I removed the paint with my new grinding pad. If you've never used one of these, they look kind of like a coarse sponge but are stiff. I haven't decided whether I like it yet, but as you can see, the wire wheel was quickly reaching retirement age. I started banging it out to what I thought was the original shape.

Lesson 1. Check your work often against a known pattern. If you can attempt to fit your piece to the car, do it often. Unfortunately, this was a luxury I did not have, since it was not actually a piece of a car I own. I went over to Erik's house to look at the new fender he had installed, so I was able to get a feel for what the original body line was supposed to look like. I must have gotten it close, but I'm sure it's not going to be a perfect fit. Fortunately, as already mentioned, no one really cares about the fate of this fender.

I then mixed up a heaping dollop of Bondo out of an old quart-sized can I had in the garage and began to apply it.

Lesson 2. Don't mix up too much Bondo. It only has a working time of a few minutes, much shorter than what I was expecting. Maybe it actually was the three or four minutes as shown in the directions on the can, but it certainly felt much shorter than that.

This was directly related to lessons 3 and 4.

Lesson 3. Don't put it on after it has started to harden. It stops going on like toothpaste and instead starts to look like you're attempting to spread stale bread. This, of course, was not much fun to shape, and wound up getting almost entirely ground back off.

Lesson 4. Don't put too much on. It's better to do it in multiple thin layers. I wound up grinding a vast majority of the first layer off. Interestingly, the chemical reaction between the two parts made it warm up noticeably.

All right, this was turning out to be more difficult than I thought.

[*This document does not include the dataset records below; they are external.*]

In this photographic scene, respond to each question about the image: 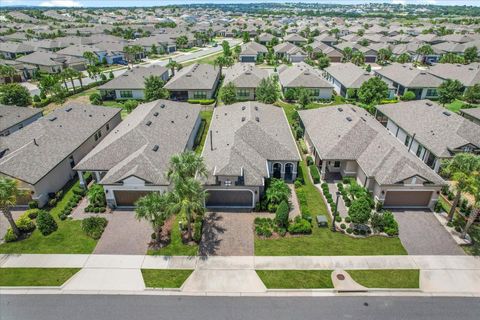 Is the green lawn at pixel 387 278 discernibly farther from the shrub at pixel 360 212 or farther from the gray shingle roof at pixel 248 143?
the gray shingle roof at pixel 248 143

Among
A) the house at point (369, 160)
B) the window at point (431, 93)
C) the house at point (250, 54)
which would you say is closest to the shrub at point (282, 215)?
the house at point (369, 160)

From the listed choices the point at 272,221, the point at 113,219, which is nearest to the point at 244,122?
the point at 272,221

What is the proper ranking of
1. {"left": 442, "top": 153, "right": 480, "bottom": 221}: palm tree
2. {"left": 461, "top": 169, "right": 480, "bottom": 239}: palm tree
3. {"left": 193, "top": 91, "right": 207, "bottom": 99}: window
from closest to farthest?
{"left": 461, "top": 169, "right": 480, "bottom": 239}: palm tree
{"left": 442, "top": 153, "right": 480, "bottom": 221}: palm tree
{"left": 193, "top": 91, "right": 207, "bottom": 99}: window

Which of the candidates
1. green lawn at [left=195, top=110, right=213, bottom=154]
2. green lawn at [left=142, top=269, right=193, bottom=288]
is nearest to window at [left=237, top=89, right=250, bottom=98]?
green lawn at [left=195, top=110, right=213, bottom=154]

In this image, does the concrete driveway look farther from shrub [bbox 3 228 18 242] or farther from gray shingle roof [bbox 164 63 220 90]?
gray shingle roof [bbox 164 63 220 90]

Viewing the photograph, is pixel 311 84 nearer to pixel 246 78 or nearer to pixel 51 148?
pixel 246 78

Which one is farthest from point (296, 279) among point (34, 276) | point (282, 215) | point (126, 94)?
point (126, 94) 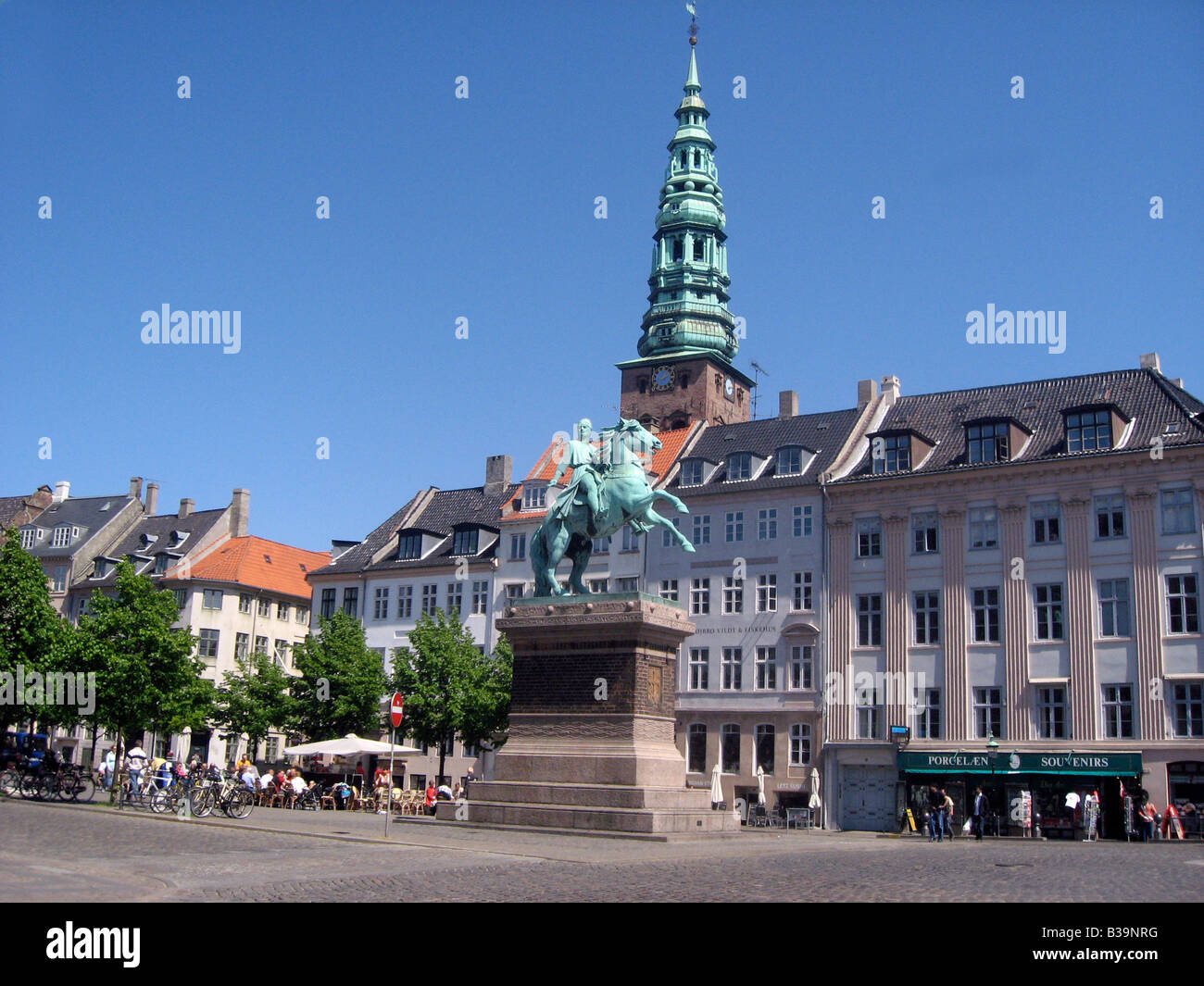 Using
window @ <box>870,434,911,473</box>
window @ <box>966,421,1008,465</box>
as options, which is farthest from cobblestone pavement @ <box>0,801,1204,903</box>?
window @ <box>870,434,911,473</box>

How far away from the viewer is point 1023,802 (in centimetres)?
4469

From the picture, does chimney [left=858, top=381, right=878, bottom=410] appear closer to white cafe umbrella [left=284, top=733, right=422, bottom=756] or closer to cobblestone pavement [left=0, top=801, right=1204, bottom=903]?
white cafe umbrella [left=284, top=733, right=422, bottom=756]

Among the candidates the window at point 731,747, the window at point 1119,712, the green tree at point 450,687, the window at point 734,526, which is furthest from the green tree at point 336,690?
the window at point 1119,712

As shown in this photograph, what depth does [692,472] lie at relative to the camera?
199ft

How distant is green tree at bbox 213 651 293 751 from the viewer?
182ft

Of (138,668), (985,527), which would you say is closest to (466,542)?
(138,668)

Lesson 5. Clean up your mixing surface as soon as the Bondo starts to harden. If you catch it early, it's really quite easy to scrape off. Now, if you're using something flexible, it's easy to remove after it hardens. If you're using something disposable, no worries, just throw it away. But if you're using a scrap of plywood that you were planning to reuse, you really should scrape it off with a putty knife as soon as you can. Oh, and speaking of putty knives . . .

Lesson 6. Use the right applicator. You can pick up a nice set of applicators at any auto parts store for three to five dollars. They're really useful, you can kind of shape the material as you're applying it, and being flexible, they're also easy to clean up. I recommend these. I used a putty knife.
(Side note- I bought some today, and amazingly enough, they're the same pink color as the Bondo should be when it's mixed properly!)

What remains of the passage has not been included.